> Considering Wikipedia, Breitbart, WUWT, Climate Depot, which is more reliable about global warming?

Considering Wikipedia, Breitbart, WUWT, Climate Depot, which is more reliable about global warming?

Posted at: 2015-03-12 
What is a reliable source in popular media?

Considering that honest science articles aren't easy to read, what is the next best alternative?

Breitbart, WUWT, and Climate Depot are each run by a small handful of well-documented hard-core anti-science ideologues who take money from the fossil fuel industry. Many Wikipedia pages are sloppily done or have errors (although the system does have some built-in correctibility), but Wikipedia has many thousands of active editors, which makes the kind of severe systematic bias and dishonesty so rampant on Breitbart, WUWT, and Climate Depot much more difficult to sustain. I don't think many science professors would recommend that their students use Wikipedia as a main source of information, but that is NOT what the anti-science kooks are claiming. They claim NOT that science texts and peer-reviewed articles are more reliable than Wikipedia, but that their fossil fuel industry disinformation sites (most, like WUWT, run by non-scientists who are rabidly ANTI-science) are better sources than Wikipedia. They try to dodge this, just as they will deny that their anti-science is anything much beyond a pack of 20 year-old warmed over lies, UNLESS the greatest conspiracy in the history of the known universe has been occurring. These anti-science wanna con-artists are so full of hypocrisy it pours out their ears. They would like people to believe that one weatherman funded by Koch is pure and objective while thousands of Wiki editors from around the world, with all sorts of specialties and opinions, are systematically biased. Or, more to the point, they think that by shoveling 20 year old pre-fab 8th hand copy-pasted anti-science 24-7, people will be so numbed that they stop asking whether there is the slightest consistency in the BS torrents of these science-hating crackpots.

http://www.desmogblog.com/directory/voca...

http://www.desmogblog.com/anthony-watts

http://www.desmogblog.com/directory/voca...

As Maxx has said, Climate Depot is mainly a collection of links, the day's talking points, if you like. I am always amused when people slate Climate Depot because it only occasionally expresses an opinion.

WUWT is on my list but I don't read all the articles by any means. After some time it becomes like this site, you can sort out the articles to avoid just by skimming the headlines.

You might like Judith Curry's site: http://judithcurry.com/

Wikipedia. But read the referenced articles.

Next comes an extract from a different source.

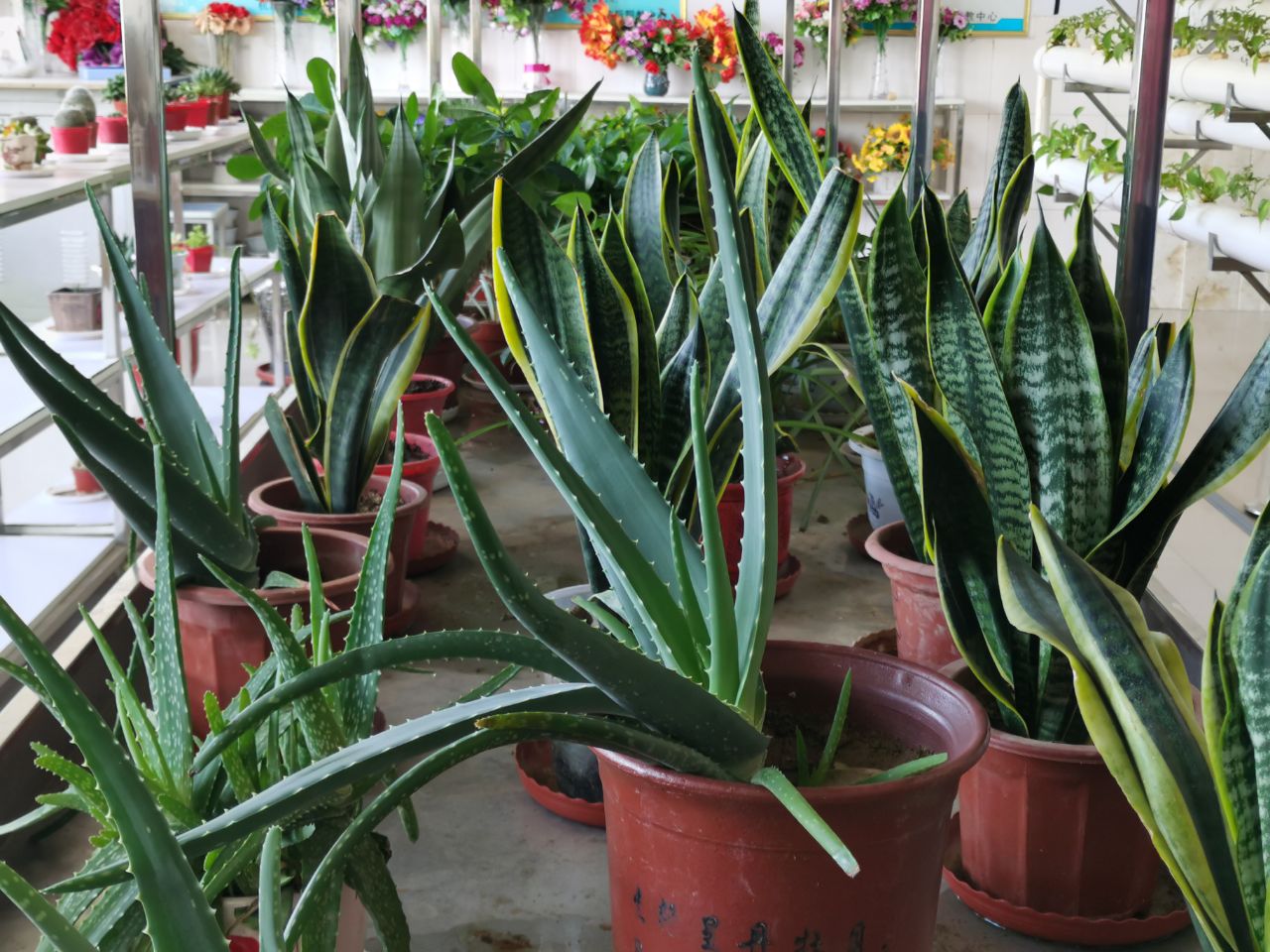 实训室的花花草草.jpg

Not wikipedia they are biased too, although I do go there a lot, I remember reading about a list of droughts and heatwaves in Australia going back to the late 1700's that has dissapeared now, replaced by versions that only talk about more modern heatwaves and droughts and implying they are caused by global warming.

I would suggest going to as many places as possible, but be skeptical about them, don't swallow everything they say and check the sources, the more source of info and the more different points of view you read the better, you just have to sort the wheat from the chaff.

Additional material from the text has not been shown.